What courses do you teach / labs do you lead?
WSE 225 “Building design innovation with wood” introduces students to the fundamentals of building design and the relevant technical requirements, the solutions available and the specific applications, with a focus on wood-based products and other ligno-cellulosic materials. The main goal of this course is to help students develop a multi-disciplinary understanding of design and construction principles that facilitate communication between manufacturers, architects, engineers, and clients.

WSE 425/525 “Timber tectonics in the digital age” is an interdisciplinary, inter-institutional effort in collaboration with University of Oregon Architecture enrolls Architecture, Engineering and Wood Science students. The course is designed to prepare future professionals for integrated design practices in modern wood construction, emphasizing experiential learning and soft skill development. In this course, students engage in hands-on project, engaging with real clients and industry partners throughout the learning process.

The faculty-led study abroad program that I lead, Tradition and Innovation in the Wood Construction Industry: A Journey in the Italian Alps, provides an international perspective on tradition and innovation of forest products application and sustainable practices in the built environment. I’ve designed this program to offer students firsthand experience in the working environments and practices of the host country through job-shadowing opportunities with local companies, encouraging them to reflect on practices in their home countries. In the next iteration of the course, I plan to collaborate with local stakeholders in the US to connect students’ international experiences with tasks related to a real project back home.

Another chance to immerse students in both tradition and innovation within the sector, involving them in a tangible project and providing them opportunities for community engagement, is the course on “Structural Health Assessment and Monitoring of Timber Structures“ that I offer to graduate students. During the class offered last spring, for instance, students actively participated in assessing timber trusses at the Arauco facility in Albany. They offered valuable feedback to the client regarding the structure’s conditions and they identified causes of damage. Additionally, the students had a chance to talk about their project during the historical preservation month.

I teach and co-developed WSE 540 Introduction to Wood Science and Engineering. This is the first hybrid introductory course of the new WSE Graduate Core.

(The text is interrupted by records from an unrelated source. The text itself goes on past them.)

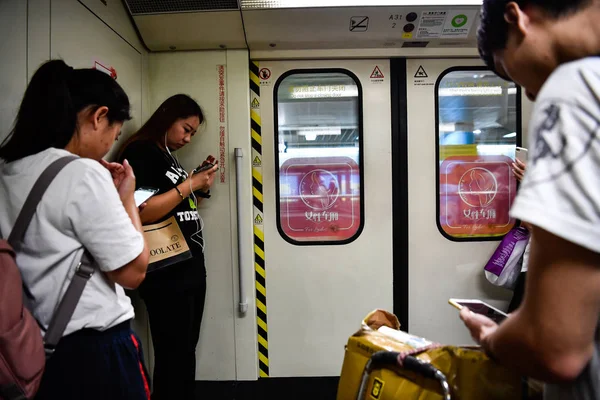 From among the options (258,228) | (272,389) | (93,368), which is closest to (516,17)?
(93,368)

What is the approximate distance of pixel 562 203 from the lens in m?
0.50

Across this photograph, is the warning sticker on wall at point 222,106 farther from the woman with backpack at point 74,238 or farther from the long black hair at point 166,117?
the woman with backpack at point 74,238

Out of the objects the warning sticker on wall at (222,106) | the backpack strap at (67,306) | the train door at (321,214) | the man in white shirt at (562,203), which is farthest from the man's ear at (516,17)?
the warning sticker on wall at (222,106)

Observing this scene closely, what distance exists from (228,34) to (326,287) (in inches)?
70.5

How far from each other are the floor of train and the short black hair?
2.33 meters

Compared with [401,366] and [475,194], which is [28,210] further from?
[475,194]

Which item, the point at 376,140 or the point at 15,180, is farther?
the point at 376,140

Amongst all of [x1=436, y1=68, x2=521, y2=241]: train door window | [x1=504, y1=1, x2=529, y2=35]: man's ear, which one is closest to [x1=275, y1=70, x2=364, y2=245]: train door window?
[x1=436, y1=68, x2=521, y2=241]: train door window

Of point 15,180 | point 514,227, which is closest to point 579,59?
point 15,180

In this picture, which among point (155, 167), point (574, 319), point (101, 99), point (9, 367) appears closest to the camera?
point (574, 319)

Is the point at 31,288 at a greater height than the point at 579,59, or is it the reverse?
the point at 579,59

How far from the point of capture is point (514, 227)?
243cm

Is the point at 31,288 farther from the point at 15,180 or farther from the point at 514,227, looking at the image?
the point at 514,227

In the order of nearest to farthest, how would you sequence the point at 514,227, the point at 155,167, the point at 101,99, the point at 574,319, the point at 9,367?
the point at 574,319 < the point at 9,367 < the point at 101,99 < the point at 155,167 < the point at 514,227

Tell us about a recent/current research project you are working on
With the two wood innovation grants received with my colleague Lech Muszynski, our objective was to leverage underutilized wood species to create CLT panels for an untapped market segment: modular deployable units. These units can serve as temporary and transitional solutions, such as post-disaster scenarios, and are designed to be disassembled and reused in other contexts. This exploration aims to optimize resources during the production stage, extend the service life of applications that are typically short-lived, and reintegrate resources into the loop. It aims to support the resilience of the natural and built environments, promote sustainability in forest management, and foster economic development within communities. Since its initiation in 2017, this research stream has garnered significant attention from both academia and industry. As mass timber products represent just one facet of an integrated approach to create a more resilient and sustainable ecosystem, I am currently working on expanding and enhancing our portfolio of alternative wood-based products and construction systems. This involves exploring alternative ligno-cellulosic sources and a dedicated focus on context-sensitive approaches for material and construction method selection. For example, when addressing shelter and housing needs, I am working on developing partnerships with affected communities to develop culturally appropriate solutions that make the most of locally available resources.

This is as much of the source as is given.